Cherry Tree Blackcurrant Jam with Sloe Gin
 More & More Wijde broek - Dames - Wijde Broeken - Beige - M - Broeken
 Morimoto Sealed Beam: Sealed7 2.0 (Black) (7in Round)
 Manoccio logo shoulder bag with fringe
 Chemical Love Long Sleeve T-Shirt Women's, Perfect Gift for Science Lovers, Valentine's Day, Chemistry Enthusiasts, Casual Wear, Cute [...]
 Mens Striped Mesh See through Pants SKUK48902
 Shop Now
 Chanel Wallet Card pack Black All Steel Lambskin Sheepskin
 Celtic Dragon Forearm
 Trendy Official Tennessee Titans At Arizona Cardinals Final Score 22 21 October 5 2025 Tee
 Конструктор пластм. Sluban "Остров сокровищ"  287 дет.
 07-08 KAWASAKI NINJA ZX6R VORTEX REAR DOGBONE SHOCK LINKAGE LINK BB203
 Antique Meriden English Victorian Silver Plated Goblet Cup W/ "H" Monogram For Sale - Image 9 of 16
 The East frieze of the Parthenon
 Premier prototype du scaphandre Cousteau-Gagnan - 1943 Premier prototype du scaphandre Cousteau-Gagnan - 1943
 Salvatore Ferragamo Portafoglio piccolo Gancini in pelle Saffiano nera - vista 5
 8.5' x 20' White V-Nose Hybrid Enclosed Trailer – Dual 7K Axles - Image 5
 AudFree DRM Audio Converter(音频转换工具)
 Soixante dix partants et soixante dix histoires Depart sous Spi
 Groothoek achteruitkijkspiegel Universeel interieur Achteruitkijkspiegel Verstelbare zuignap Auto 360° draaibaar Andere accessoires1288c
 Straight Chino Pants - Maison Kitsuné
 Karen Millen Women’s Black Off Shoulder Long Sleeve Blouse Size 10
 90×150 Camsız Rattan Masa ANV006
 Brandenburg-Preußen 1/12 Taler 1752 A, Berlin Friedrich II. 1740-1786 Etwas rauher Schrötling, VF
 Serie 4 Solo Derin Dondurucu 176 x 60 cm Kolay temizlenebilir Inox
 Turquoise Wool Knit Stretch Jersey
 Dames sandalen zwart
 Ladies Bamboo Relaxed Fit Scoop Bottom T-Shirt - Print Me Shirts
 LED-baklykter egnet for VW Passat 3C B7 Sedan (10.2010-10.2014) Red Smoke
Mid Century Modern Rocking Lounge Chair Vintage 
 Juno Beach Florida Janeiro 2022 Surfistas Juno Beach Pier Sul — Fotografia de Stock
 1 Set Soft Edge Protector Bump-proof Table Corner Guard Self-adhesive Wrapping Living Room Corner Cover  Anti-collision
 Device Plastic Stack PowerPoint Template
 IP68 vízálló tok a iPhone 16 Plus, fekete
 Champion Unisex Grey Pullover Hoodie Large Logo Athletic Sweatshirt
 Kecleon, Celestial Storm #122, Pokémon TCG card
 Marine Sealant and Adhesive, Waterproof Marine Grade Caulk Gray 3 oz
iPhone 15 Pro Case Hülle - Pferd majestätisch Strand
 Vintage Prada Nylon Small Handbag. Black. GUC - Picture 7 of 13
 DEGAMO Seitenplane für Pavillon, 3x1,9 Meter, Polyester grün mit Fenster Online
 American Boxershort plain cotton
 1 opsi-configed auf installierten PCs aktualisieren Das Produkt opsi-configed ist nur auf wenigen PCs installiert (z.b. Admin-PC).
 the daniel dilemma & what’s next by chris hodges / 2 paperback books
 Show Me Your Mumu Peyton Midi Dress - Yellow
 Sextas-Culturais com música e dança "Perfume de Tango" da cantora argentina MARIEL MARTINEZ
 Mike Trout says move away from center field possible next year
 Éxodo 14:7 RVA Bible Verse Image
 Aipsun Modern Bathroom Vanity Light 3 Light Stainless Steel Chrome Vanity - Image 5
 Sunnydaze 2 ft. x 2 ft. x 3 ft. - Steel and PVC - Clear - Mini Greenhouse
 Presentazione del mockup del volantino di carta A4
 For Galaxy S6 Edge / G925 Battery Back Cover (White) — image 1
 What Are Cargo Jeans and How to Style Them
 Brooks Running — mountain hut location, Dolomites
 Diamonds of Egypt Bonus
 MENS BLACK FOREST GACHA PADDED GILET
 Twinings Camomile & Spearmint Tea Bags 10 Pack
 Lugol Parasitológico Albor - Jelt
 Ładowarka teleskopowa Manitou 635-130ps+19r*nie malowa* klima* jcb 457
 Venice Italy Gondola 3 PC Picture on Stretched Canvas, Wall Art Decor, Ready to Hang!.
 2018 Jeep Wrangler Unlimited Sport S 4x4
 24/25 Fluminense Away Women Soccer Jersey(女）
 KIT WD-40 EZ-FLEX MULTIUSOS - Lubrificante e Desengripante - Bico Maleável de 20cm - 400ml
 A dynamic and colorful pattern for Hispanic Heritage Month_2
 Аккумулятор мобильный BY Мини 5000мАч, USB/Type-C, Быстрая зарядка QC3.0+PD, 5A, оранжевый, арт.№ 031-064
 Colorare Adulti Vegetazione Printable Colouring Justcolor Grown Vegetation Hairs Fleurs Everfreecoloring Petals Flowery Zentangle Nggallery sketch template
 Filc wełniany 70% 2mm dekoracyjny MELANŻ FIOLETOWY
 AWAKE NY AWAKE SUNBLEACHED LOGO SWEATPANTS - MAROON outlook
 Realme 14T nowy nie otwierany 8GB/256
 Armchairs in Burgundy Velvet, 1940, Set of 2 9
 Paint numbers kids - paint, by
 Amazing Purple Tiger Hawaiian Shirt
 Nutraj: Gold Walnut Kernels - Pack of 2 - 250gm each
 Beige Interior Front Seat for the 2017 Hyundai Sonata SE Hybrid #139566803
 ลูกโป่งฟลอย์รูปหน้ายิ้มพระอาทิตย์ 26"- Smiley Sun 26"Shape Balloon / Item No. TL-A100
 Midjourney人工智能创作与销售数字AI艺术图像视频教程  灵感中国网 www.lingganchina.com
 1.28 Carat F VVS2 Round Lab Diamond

_Problem to solve_:
Copy out each record exactly as given, omitting none.

_Task answer_:
Cherry Tree Blackcurrant Jam with Sloe Gin
 More & More Wijde broek - Dames - Wijde Broeken - Beige - M - Broeken
 Morimoto Sealed Beam: Sealed7 2.0 (Black) (7in Round)
 Manoccio logo shoulder bag with fringe
 Chemical Love Long Sleeve T-Shirt Women's, Perfect Gift for Science Lovers, Valentine's Day, Chemistry Enthusiasts, Casual Wear, Cute [...]
 Mens Striped Mesh See through Pants SKUK48902
 Shop Now
 Chanel Wallet Card pack Black All Steel Lambskin Sheepskin
 Celtic Dragon Forearm
 Trendy Official Tennessee Titans At Arizona Cardinals Final Score 22 21 October 5 2025 Tee
 Конструктор пластм. Sluban "Остров сокровищ"  287 дет.
 07-08 KAWASAKI NINJA ZX6R VORTEX REAR DOGBONE SHOCK LINKAGE LINK BB203
 Antique Meriden English Victorian Silver Plated Goblet Cup W/ "H" Monogram For Sale - Image 9 of 16
 The East frieze of the Parthenon
 Premier prototype du scaphandre Cousteau-Gagnan - 1943 Premier prototype du scaphandre Cousteau-Gagnan - 1943
 Salvatore Ferragamo Portafoglio piccolo Gancini in pelle Saffiano nera - vista 5
 8.5' x 20' White V-Nose Hybrid Enclosed Trailer – Dual 7K Axles - Image 5
 AudFree DRM Audio Converter(音频转换工具)
 Soixante dix partants et soixante dix histoires Depart sous Spi
 Groothoek achteruitkijkspiegel Universeel interieur Achteruitkijkspiegel Verstelbare zuignap Auto 360° draaibaar Andere accessoires1288c
 Straight Chino Pants - Maison Kitsuné
 Karen Millen Women’s Black Off Shoulder Long Sleeve Blouse Size 10
 90×150 Camsız Rattan Masa ANV006
 Brandenburg-Preußen 1/12 Taler 1752 A, Berlin Friedrich II. 1740-1786 Etwas rauher Schrötling, VF
 Serie 4 Solo Derin Dondurucu 176 x 60 cm Kolay temizlenebilir Inox
 Turquoise Wool Knit Stretch Jersey
 Dames sandalen zwart
 Ladies Bamboo Relaxed Fit Scoop Bottom T-Shirt - Print Me Shirts
 LED-baklykter egnet for VW Passat 3C B7 Sedan (10.2010-10.2014) Red Smoke
Mid Century Modern Rocking Lounge Chair Vintage 
 Juno Beach Florida Janeiro 2022 Surfistas Juno Beach Pier Sul — Fotografia de Stock
 1 Set Soft Edge Protector Bump-proof Table Corner Guard Self-adhesive Wrapping Living Room Corner Cover  Anti-collision
 Device Plastic Stack PowerPoint Template
 IP68 vízálló tok a iPhone 16 Plus, fekete
 Champion Unisex Grey Pullover Hoodie Large Logo Athletic Sweatshirt
 Kecleon, Celestial Storm #122, Pokémon TCG card
 Marine Sealant and Adhesive, Waterproof Marine Grade Caulk Gray 3 oz
iPhone 15 Pro Case Hülle - Pferd majestätisch Strand
 Vintage Prada Nylon Small Handbag. Black. GUC - Picture 7 of 13
 DEGAMO Seitenplane für Pavillon, 3x1,9 Meter, Polyester grün mit Fenster Online
 American Boxershort plain cotton
 1 opsi-configed auf installierten PCs aktualisieren Das Produkt opsi-configed ist nur auf wenigen PCs installiert (z.b. Admin-PC).
 the daniel dilemma & what’s next by chris hodges / 2 paperback books
 Show Me Your Mumu Peyton Midi Dress - Yellow
 Sextas-Culturais com música e dança "Perfume de Tango" da cantora argentina MARIEL MARTINEZ
 Mike Trout says move away from center field possible next year
 Éxodo 14:7 RVA Bible Verse Image
 Aipsun Modern Bathroom Vanity Light 3 Light Stainless Steel Chrome Vanity - Image 5
 Sunnydaze 2 ft. x 2 ft. x 3 ft. - Steel and PVC - Clear - Mini Greenhouse
 Presentazione del mockup del volantino di carta A4
 For Galaxy S6 Edge / G925 Battery Back Cover (White) — image 1
 What Are Cargo Jeans and How to Style Them
 Brooks Running — mountain hut location, Dolomites
 Diamonds of Egypt Bonus
 MENS BLACK FOREST GACHA PADDED GILET
 Twinings Camomile & Spearmint Tea Bags 10 Pack
 Lugol Parasitológico Albor - Jelt
 Ładowarka teleskopowa Manitou 635-130ps+19r*nie malowa* klima* jcb 457
 Venice Italy Gondola 3 PC Picture on Stretched Canvas, Wall Art Decor, Ready to Hang!.
 2018 Jeep Wrangler Unlimited Sport S 4x4
 24/25 Fluminense Away Women Soccer Jersey(女）
 KIT WD-40 EZ-FLEX MULTIUSOS - Lubrificante e Desengripante - Bico Maleável de 20cm - 400ml
 A dynamic and colorful pattern for Hispanic Heritage Month_2
 Аккумулятор мобильный BY Мини 5000мАч, USB/Type-C, Быстрая зарядка QC3.0+PD, 5A, оранжевый, арт.№ 031-064
 Colorare Adulti Vegetazione Printable Colouring Justcolor Grown Vegetation Hairs Fleurs Everfreecoloring Petals Flowery Zentangle Nggallery sketch template
 Filc wełniany 70% 2mm dekoracyjny MELANŻ FIOLETOWY
 AWAKE NY AWAKE SUNBLEACHED LOGO SWEATPANTS - MAROON outlook
 Realme 14T nowy nie otwierany 8GB/256
 Armchairs in Burgundy Velvet, 1940, Set of 2 9
 Paint numbers kids - paint, by
 Amazing Purple Tiger Hawaiian Shirt
 Nutraj: Gold Walnut Kernels - Pack of 2 - 250gm each
 Beige Interior Front Seat for the 2017 Hyundai Sonata SE Hybrid #139566803
 ลูกโป่งฟลอย์รูปหน้ายิ้มพระอาทิตย์ 26"- Smiley Sun 26"Shape Balloon / Item No. TL-A100
 Midjourney人工智能创作与销售数字AI艺术图像视频教程  灵感中国网 www.lingganchina.com
 1.28 Carat F VVS2 Round Lab Diamond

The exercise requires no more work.